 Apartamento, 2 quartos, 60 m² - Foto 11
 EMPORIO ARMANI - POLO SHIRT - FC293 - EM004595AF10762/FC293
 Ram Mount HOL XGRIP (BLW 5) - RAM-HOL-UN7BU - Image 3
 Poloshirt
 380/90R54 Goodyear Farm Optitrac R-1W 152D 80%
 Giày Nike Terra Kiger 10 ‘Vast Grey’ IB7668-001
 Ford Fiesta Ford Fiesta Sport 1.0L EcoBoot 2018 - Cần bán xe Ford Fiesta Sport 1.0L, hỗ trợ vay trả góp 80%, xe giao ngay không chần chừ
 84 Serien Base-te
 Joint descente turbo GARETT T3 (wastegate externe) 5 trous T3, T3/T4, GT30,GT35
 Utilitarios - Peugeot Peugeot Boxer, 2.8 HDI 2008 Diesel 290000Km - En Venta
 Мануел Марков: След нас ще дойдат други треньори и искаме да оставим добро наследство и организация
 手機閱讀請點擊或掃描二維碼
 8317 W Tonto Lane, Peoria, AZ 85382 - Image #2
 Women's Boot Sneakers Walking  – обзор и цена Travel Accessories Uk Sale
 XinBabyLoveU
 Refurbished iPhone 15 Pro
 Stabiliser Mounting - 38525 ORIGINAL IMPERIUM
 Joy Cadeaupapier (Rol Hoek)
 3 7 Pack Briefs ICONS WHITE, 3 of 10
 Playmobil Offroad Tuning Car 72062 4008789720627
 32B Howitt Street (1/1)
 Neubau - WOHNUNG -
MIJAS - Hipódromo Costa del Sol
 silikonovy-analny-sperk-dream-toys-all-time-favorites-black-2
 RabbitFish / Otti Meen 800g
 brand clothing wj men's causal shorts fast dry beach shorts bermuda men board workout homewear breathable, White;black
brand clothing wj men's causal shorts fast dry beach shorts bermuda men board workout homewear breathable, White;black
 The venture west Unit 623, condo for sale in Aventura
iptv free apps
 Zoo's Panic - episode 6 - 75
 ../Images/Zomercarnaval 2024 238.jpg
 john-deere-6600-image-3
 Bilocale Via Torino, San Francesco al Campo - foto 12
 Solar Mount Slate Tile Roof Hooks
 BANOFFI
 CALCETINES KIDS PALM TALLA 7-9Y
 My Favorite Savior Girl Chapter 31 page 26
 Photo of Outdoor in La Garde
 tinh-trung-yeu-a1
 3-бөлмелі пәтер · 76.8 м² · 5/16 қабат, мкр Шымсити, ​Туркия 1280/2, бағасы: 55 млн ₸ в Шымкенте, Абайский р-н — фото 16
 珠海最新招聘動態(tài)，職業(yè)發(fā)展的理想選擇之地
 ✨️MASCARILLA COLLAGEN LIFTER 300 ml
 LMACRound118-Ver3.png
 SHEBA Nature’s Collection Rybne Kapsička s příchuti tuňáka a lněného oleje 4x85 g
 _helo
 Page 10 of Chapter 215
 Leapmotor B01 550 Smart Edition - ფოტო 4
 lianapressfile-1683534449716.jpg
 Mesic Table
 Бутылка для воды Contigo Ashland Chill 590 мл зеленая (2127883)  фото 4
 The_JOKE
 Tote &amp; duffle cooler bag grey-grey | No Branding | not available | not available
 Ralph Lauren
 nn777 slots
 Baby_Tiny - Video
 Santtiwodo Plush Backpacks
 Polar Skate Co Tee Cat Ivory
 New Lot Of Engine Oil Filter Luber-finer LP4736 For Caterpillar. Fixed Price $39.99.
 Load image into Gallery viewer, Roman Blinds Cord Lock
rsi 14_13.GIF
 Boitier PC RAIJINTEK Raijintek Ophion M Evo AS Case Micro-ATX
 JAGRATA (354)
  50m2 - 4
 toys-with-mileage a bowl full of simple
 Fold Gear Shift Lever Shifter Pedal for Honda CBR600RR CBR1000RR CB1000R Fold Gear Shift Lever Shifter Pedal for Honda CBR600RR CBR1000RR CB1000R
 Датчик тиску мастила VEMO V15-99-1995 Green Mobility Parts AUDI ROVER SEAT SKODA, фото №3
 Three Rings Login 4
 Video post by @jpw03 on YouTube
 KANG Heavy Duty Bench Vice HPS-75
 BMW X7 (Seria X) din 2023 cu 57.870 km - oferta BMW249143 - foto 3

What to do:
Every line from the one that has "LMACRound118-Ver3.png" down to the last line above must be written out exactly, with both ends included and nothing else.

Exercise solution:
 LMACRound118-Ver3.png
 SHEBA Nature’s Collection Rybne Kapsička s příchuti tuňáka a lněného oleje 4x85 g
 _helo
 Page 10 of Chapter 215
 Leapmotor B01 550 Smart Edition - ფოტო 4
 lianapressfile-1683534449716.jpg
 Mesic Table
 Бутылка для воды Contigo Ashland Chill 590 мл зеленая (2127883)  фото 4
 The_JOKE
 Tote &amp; duffle cooler bag grey-grey | No Branding | not available | not available
 Ralph Lauren
 nn777 slots
 Baby_Tiny - Video
 Santtiwodo Plush Backpacks
 Polar Skate Co Tee Cat Ivory
 New Lot Of Engine Oil Filter Luber-finer LP4736 For Caterpillar. Fixed Price $39.99.
 Load image into Gallery viewer, Roman Blinds Cord Lock
rsi 14_13.GIF
 Boitier PC RAIJINTEK Raijintek Ophion M Evo AS Case Micro-ATX
 JAGRATA (354)
  50m2 - 4
 toys-with-mileage a bowl full of simple
 Fold Gear Shift Lever Shifter Pedal for Honda CBR600RR CBR1000RR CB1000R Fold Gear Shift Lever Shifter Pedal for Honda CBR600RR CBR1000RR CB1000R
 Датчик тиску мастила VEMO V15-99-1995 Green Mobility Parts AUDI ROVER SEAT SKODA, фото №3
 Three Rings Login 4
 Video post by @jpw03 on YouTube
 KANG Heavy Duty Bench Vice HPS-75
 BMW X7 (Seria X) din 2023 cu 57.870 km - oferta BMW249143 - foto 3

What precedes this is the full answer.